Mode de vie13 septembre 2026 · 6 min de lecture
Une tiny house dans le jardin pour un proche âgé
Autorisation en zone à bâtir, plain-pied et accessibilité, raccordements et questions familiales : bien préparer ce projet.

Garder un parent âgé tout près, sans vivre sous le même toit. Loger un enfant devenu adulte. Préparer sa propre retraite de plain-pied pendant que la famille reprend la grande maison. La tiny house dans le jardin répond à ces situations, à condition de respecter quelques règles et de bien penser l'accessibilité.
Est-ce autorisé dans mon jardin ?
Si votre parcelle est en zone à bâtir, une deuxième habitation peut être possible. Tout dépend du règlement communal :
- L'indice d'utilisation du sol : la surface habitable déjà construite laisse-t-elle de la place pour 20 à 40 m² supplémentaires ?
- Les distances aux limites de la parcelle et entre bâtiments.
- Le nombre de logements admis par parcelle dans certaines zones.
- Les places de stationnement exigées pour un logement supplémentaire.
Une tiny house habitée, même par un membre de la famille, est un logement : elle nécessite une autorisation de construire. En zone agricole, cette solution n'est en principe pas possible (voir notre article tiny house en zone agricole).

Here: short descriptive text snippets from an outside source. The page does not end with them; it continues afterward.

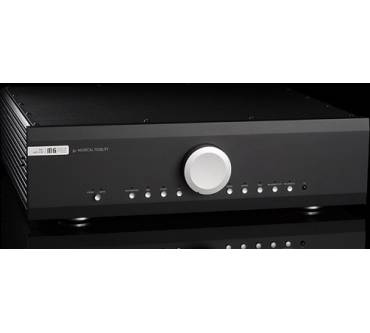 Produktbild Musical Fidelity M6PRE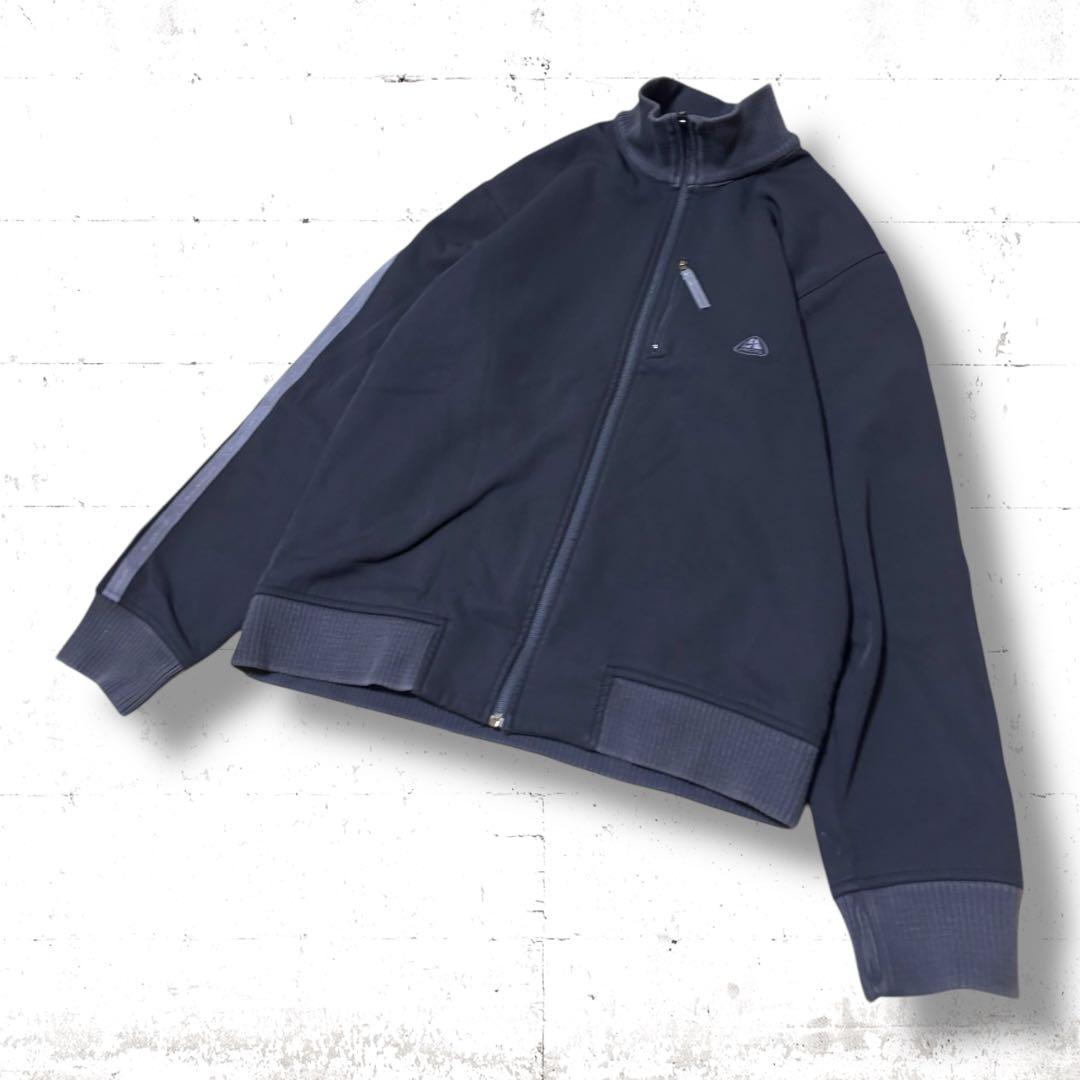 美品　archive NIKE ACG テック　シェル　ブルゾン　刺繍　y2k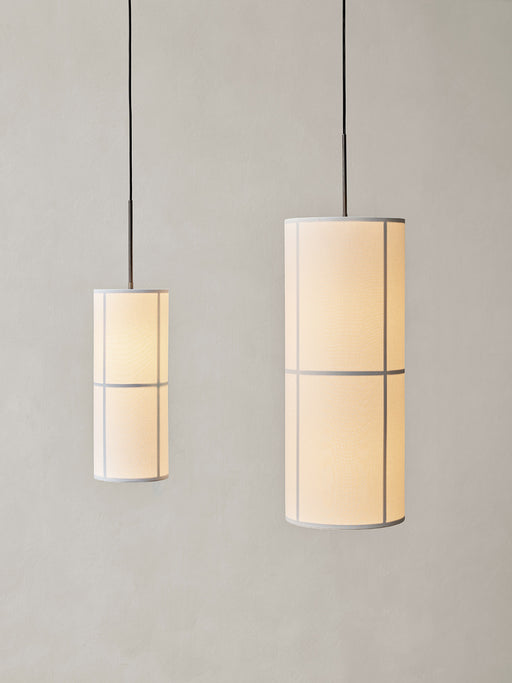 Hashira ceiling lamp Audo Copenhagen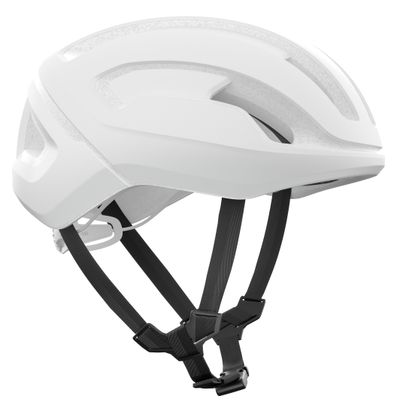 Casque Route Poc Omne Air Mips Blanc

Concevoir pour aujourd'hui et pour dans dix ans
- Plain-pied : pas de mezzanine pour dormir, une chambre au sol.
- Seuils : entrée sans marche ou avec une rampe douce, et un accès stable depuis la maison principale.
- Salle de bain : douche à l'italienne, barres d'appui, espace pour se retourner.
- Portes suffisamment larges et poignées faciles à manœuvrer.
- Éclairage généreux et interrupteurs à hauteur accessible.
- Chauffage simple à régler, sans bois à porter.
Ces choix ne coûtent pas beaucoup plus cher s'ils sont prévus dès la conception.
Raccordements et vie pratique
La proximité de la maison principale simplifie les raccordements : eau, électricité et eaux usées peuvent souvent être tirés depuis le bâtiment existant, après accord de la commune et des gestionnaires de réseau. Pensez aussi à un chemin éclairé entre les deux logements, et à un moyen simple d'appeler à l'aide si nécessaire.
Les questions familiales à régler dès le départ
- Propriété : la tiny house appartient au propriétaire de la parcelle. Qui la finance, et comment en tenir compte dans une future succession ?
- Loyer ou pas : un loyer, même modeste, a des conséquences fiscales pour celui qui le perçoit.
- Et après ? La tiny house pourra-t-elle servir de bureau, de chambre d'amis ou être louée ? L'usage doit rester conforme à l'autorisation.
Un notaire peut vous aider à formaliser ces accords pour éviter les tensions plus tard.
Questions fréquentes
Faut-il un permis pour installer une tiny house pour un parent dans son jardin ?
Oui. Une tiny house habitée est un logement, même pour un membre de la famille, et elle doit respecter le règlement communal de la zone à bâtir.
Quelle surface pour une personne âgée ?
Une vingtaine à une trentaine de mètres carrés de plain-pied suffisent en général, à condition de prévoir une chambre au sol, une douche sans seuil et des passages assez larges.
Peut-on raccorder la tiny house à la maison principale ?
Souvent oui pour l'eau, l'électricité et les eaux usées, après accord de la commune et des gestionnaires de réseau, et avec des travaux réalisés par des installateurs autorisés.